Hattie surreptitiously glanced toward the beach, where he still stood with his bodyguards. He’d watched her all night long, making her shiver more than once from the weight of his gaze.

From what little Charles had told her about his business, Port Chatham’s booming shipping industry relied on a steady supply of sailors. Shanghaiers like Seavey either worked in concert with boardinghouse operators to provide crews to the shipping masters or, in some cases, owned the boardinghouses outright. The tunnels supposedly served as a temporary prison for those least willing to go along with the shanghaiers’ demands.

“Charles told me he refused to pay the shanghaiers for his crews,” she said now.

Mona snorted her disbelief. “It’s common practice with all the shipping companies, your husband’s included. How do you think he got the crews he needed to run that many ships? And with some sailors turning to the union, cheap crews are more scarce than ever.” She glanced around, then continued before Hattie could argue, keeping her voice low. “Rumor is now that Seavey has the local shanghaiing business all but tied up he’s moved on to kidnapping young girls.”

“What? He ransoms them?”

“He sells them into prostitution rings operating in the Far East. Young white virgins are in great demand over there.”

“But if everyone knows what he’s doing, why don’t the police raid the tunnels?” Hattie asked, sickened.

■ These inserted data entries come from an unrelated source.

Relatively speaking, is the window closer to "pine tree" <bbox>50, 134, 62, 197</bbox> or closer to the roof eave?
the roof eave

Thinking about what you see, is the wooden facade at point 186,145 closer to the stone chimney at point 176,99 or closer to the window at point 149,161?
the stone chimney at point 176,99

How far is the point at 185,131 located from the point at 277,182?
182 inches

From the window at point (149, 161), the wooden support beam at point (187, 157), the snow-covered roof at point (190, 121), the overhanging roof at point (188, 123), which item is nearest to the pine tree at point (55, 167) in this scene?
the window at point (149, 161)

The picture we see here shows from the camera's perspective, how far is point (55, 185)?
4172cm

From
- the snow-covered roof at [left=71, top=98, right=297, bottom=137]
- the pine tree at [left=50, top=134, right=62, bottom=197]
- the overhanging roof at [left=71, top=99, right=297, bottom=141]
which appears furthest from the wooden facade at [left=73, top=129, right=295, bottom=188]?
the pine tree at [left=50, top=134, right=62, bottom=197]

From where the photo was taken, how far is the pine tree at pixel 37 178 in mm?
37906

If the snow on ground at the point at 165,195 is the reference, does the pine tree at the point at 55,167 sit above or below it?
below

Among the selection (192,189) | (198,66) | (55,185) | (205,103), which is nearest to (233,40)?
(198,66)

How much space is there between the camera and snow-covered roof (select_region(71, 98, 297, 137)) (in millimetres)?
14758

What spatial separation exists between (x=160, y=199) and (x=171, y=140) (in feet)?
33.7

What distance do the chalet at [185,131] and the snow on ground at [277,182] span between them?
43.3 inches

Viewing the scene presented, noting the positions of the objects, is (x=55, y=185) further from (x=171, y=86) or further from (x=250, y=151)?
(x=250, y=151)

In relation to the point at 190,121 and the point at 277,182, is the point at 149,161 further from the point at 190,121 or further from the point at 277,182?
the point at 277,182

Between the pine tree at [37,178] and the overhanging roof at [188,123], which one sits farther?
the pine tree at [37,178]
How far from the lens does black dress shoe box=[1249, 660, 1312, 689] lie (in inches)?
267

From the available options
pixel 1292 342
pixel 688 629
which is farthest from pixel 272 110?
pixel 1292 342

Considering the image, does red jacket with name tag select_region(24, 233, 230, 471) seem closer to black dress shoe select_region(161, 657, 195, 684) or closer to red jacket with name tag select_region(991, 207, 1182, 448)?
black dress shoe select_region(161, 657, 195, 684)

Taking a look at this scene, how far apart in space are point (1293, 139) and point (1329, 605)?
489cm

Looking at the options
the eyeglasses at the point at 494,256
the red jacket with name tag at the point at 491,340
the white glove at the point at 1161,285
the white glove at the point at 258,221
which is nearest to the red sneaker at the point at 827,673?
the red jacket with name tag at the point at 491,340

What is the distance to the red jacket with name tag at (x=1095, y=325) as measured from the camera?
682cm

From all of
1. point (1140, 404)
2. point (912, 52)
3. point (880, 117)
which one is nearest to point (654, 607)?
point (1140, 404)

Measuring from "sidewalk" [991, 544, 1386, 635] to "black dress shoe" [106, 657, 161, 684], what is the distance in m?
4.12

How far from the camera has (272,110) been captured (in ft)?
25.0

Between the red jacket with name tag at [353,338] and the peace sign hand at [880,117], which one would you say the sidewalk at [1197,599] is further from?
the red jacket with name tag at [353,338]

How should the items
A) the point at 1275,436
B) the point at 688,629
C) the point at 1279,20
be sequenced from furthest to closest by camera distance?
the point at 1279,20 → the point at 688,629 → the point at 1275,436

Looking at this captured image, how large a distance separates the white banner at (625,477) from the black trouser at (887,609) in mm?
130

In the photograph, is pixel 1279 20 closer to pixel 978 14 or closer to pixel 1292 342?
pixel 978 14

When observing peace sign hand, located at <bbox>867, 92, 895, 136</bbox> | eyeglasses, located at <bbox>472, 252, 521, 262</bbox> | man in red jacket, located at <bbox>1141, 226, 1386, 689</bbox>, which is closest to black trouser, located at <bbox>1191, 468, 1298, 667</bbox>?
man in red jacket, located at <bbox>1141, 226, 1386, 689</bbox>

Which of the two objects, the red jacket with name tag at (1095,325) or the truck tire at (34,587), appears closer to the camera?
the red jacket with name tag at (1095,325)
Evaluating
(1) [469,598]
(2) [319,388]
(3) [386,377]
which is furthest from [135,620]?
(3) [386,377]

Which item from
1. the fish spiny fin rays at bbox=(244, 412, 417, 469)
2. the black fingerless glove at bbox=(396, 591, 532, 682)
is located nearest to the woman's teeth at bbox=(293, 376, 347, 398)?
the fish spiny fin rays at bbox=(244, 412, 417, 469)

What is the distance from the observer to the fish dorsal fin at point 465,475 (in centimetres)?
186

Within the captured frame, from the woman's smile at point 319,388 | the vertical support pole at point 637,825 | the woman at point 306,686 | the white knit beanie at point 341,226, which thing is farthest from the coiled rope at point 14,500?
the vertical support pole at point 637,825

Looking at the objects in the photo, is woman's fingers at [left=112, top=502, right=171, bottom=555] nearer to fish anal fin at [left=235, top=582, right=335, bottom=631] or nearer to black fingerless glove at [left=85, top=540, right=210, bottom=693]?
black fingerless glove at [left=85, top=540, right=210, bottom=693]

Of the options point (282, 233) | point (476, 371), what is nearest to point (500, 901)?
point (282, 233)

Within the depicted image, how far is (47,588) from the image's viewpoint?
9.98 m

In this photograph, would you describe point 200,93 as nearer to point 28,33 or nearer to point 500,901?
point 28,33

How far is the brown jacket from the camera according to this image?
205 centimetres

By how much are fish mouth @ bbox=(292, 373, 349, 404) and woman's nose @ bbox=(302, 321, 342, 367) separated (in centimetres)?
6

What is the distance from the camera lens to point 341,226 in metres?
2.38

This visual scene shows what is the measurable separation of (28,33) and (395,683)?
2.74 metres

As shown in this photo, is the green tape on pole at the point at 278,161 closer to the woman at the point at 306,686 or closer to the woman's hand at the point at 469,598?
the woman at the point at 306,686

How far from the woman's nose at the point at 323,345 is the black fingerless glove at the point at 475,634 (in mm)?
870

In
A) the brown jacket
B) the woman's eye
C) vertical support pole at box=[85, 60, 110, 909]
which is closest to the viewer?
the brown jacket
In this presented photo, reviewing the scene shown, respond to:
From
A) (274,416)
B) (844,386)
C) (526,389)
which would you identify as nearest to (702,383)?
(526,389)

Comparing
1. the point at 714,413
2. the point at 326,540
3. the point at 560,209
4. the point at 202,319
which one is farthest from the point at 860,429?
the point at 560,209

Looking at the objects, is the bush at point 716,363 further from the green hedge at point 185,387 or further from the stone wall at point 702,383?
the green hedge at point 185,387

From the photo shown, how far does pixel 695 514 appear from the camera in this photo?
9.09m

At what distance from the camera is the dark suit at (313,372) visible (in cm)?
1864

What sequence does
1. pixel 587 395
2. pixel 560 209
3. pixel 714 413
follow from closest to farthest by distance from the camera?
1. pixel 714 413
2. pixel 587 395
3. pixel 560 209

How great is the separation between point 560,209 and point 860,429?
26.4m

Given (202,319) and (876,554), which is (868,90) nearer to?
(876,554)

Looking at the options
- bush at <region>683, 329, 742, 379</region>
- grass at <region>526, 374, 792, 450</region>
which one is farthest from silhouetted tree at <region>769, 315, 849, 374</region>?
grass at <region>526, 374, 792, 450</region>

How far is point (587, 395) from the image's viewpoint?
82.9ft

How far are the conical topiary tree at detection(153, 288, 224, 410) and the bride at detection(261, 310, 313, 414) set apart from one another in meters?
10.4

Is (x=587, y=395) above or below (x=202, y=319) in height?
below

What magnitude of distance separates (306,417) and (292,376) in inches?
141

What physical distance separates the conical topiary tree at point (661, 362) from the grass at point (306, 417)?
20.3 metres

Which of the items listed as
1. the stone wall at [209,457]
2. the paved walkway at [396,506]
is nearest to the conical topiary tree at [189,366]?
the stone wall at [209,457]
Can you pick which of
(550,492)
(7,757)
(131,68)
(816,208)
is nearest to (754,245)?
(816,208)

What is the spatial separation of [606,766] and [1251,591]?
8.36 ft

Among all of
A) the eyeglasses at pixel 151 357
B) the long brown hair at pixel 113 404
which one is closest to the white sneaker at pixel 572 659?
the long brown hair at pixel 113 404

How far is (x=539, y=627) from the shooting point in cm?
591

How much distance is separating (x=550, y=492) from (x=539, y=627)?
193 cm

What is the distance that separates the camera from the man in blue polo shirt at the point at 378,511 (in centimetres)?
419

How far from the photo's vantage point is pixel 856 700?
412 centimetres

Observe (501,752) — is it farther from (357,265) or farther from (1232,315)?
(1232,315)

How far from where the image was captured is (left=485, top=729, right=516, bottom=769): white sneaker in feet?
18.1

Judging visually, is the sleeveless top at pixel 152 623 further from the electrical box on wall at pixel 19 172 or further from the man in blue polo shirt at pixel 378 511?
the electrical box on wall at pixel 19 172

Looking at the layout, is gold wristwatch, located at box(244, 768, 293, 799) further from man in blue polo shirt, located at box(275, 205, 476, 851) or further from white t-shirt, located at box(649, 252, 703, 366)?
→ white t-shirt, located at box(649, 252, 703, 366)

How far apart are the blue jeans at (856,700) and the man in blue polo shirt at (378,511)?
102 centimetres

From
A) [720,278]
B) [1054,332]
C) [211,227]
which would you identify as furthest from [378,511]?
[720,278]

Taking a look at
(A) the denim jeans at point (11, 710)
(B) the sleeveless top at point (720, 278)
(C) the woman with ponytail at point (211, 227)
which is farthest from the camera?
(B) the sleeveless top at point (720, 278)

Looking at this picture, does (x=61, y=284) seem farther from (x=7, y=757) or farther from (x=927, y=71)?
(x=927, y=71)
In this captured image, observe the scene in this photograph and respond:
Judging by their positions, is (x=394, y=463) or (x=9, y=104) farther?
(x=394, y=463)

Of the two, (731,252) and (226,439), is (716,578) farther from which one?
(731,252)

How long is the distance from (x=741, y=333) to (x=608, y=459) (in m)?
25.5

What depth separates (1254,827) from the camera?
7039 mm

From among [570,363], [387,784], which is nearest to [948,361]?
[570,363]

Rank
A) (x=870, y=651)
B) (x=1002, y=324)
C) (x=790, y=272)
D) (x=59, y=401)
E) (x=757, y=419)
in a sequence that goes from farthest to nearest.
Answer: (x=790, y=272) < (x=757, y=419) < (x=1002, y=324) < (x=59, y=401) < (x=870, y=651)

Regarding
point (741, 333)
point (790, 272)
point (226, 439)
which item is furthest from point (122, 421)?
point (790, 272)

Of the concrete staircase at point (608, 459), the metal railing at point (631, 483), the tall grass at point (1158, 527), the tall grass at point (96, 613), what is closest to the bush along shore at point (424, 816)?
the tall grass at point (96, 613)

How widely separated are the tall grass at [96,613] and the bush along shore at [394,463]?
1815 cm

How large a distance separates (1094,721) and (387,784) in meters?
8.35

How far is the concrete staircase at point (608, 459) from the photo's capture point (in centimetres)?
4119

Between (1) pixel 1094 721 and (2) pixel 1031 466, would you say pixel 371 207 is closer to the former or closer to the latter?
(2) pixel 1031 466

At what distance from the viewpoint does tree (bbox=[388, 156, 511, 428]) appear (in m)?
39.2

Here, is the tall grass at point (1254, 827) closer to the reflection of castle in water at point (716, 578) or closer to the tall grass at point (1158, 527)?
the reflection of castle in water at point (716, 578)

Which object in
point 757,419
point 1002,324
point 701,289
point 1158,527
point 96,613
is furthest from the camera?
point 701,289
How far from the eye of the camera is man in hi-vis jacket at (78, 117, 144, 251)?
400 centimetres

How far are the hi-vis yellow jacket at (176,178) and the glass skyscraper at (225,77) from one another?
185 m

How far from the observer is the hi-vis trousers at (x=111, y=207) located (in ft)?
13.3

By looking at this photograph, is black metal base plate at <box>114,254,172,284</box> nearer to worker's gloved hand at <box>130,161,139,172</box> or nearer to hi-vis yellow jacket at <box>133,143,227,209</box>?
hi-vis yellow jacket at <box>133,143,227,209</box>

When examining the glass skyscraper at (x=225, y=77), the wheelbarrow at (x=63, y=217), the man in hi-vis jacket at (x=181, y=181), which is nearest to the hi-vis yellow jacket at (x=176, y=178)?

“When someone up on the hill is kidnapped, the police might investigate, though they would have trouble finding enough proof to convict. But most of the time, they look the other way.” Mona’s tone was bitter. “Prostitutes don’t matter.”

Hattie had heard similar complaints regarding lack of police protection from women down on their luck back East—a hard truth of the times she had trouble accepting. Shuddering, she glanced over to reassure herself that Charlotte and Tabitha were still safe. No wonder Greeley had been so attentive.